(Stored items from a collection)
= Beginning of Section =

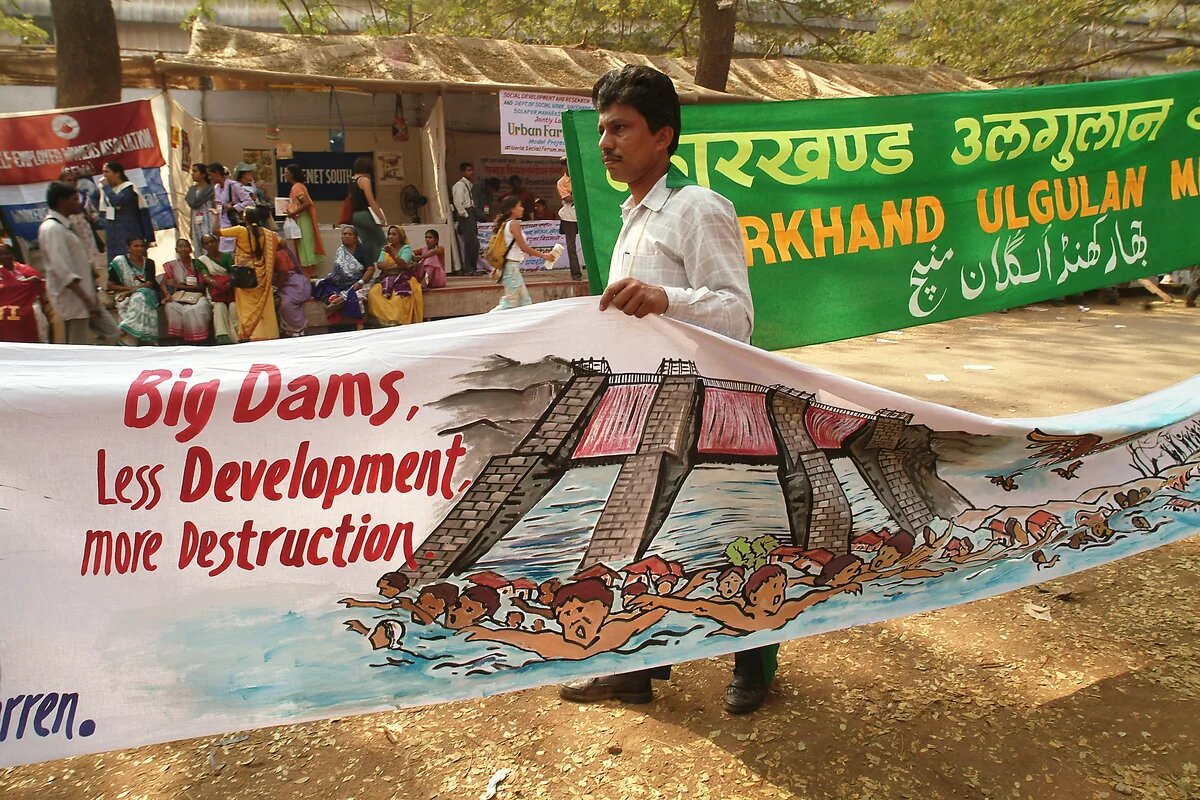 Anti dam protest Mann mit Transparent auf Protestveranstaltung gegen Staudämme beim Weltsozialforum 2004 in Mumbai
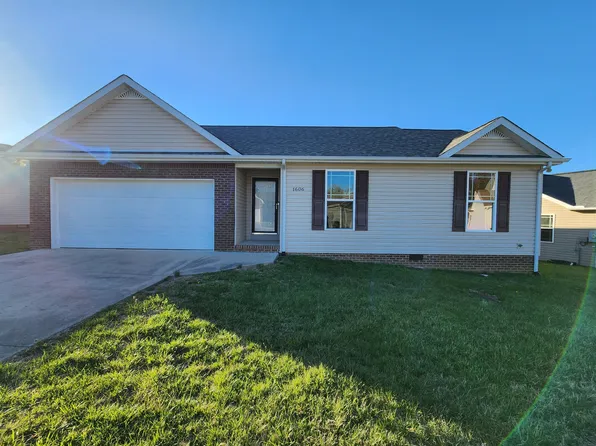 1606 Bobby Nichols Dr, Cookeville, TN 38506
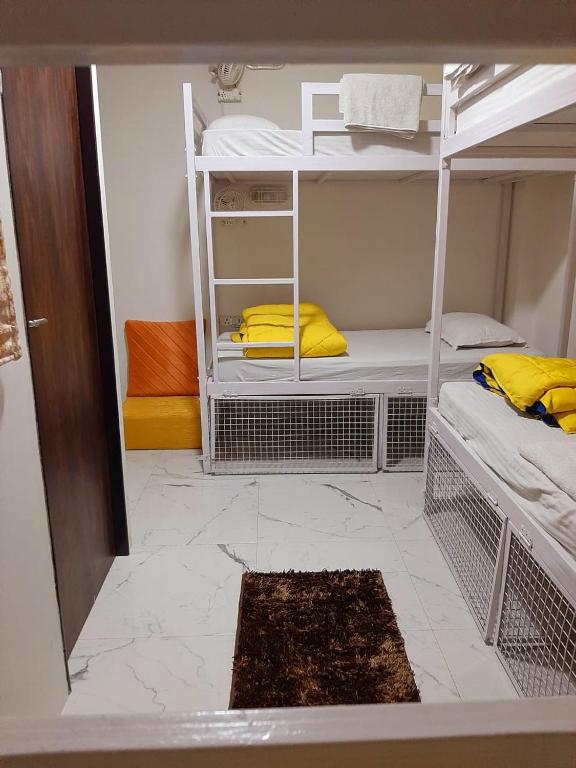 Двухместный (Стандартный двухместный номер с 1 кроватью или 2 отдельными кроватями) хостела Sprinklers, Нью-Дели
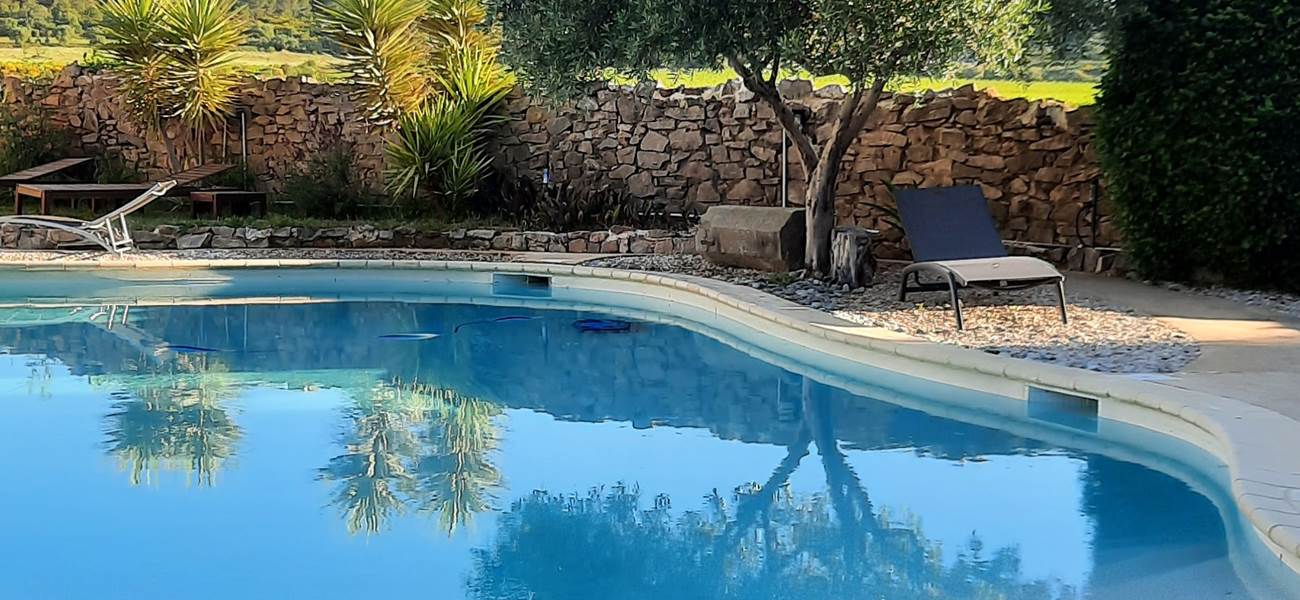 Détente garantie au sein de nos chambres d'hôtes et gîte Le Coq du Nord Mailhac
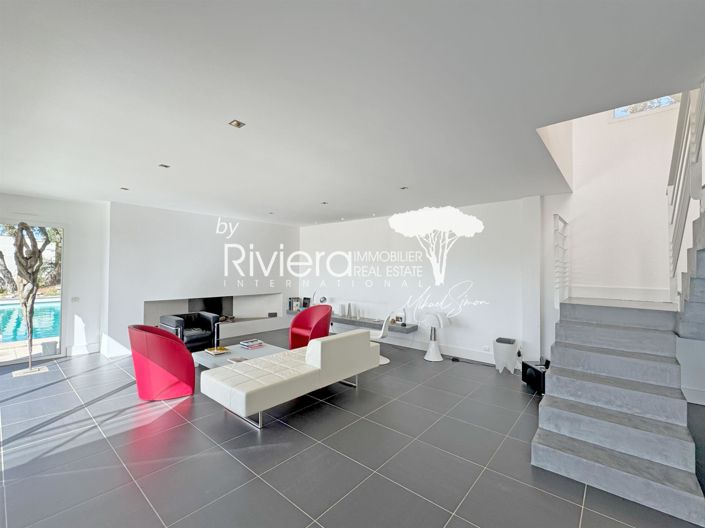 Image No.7-6 Bed House for sale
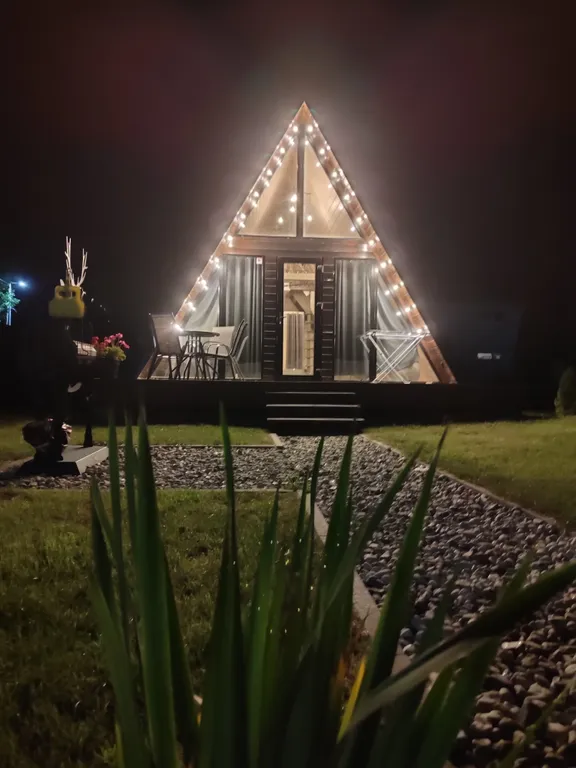 Уютный дом треугольник А-фрейм рядом с морем и озером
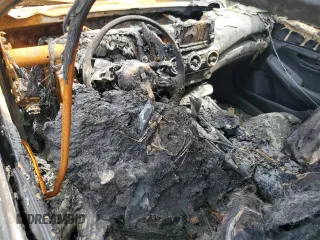 2025 Nissan Sentra S z VIN 3N1AB8BV2SY291828, wystawiony jako Copart lot #56495925 z przebiegiem Nie podano mil oraz Szkoda całkowita • Salvage title. Historia ofert i sprzedaży dostępna na DreamBid. Obrazek 8.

= End of Section =

> **WHAT YOU HAVE TO DO**:
What do the entries above read from the line containing "1606 Bobby Nichols Dr, Cookeville, TN 38506" through the line containing "Уютный дом треугольник"? Output those lines exactly, both ends included, with the pictures left out.

> **RESPONSE TO THE TASK**:
 1606 Bobby Nichols Dr, Cookeville, TN 38506
 Двухместный (Стандартный двухместный номер с 1 кроватью или 2 отдельными кроватями) хостела Sprinklers, Нью-Дели
 Détente garantie au sein de nos chambres d'hôtes et gîte Le Coq du Nord Mailhac
 Image No.7-6 Bed House for sale
 Уютный дом треугольник А-фрейм рядом с морем и озером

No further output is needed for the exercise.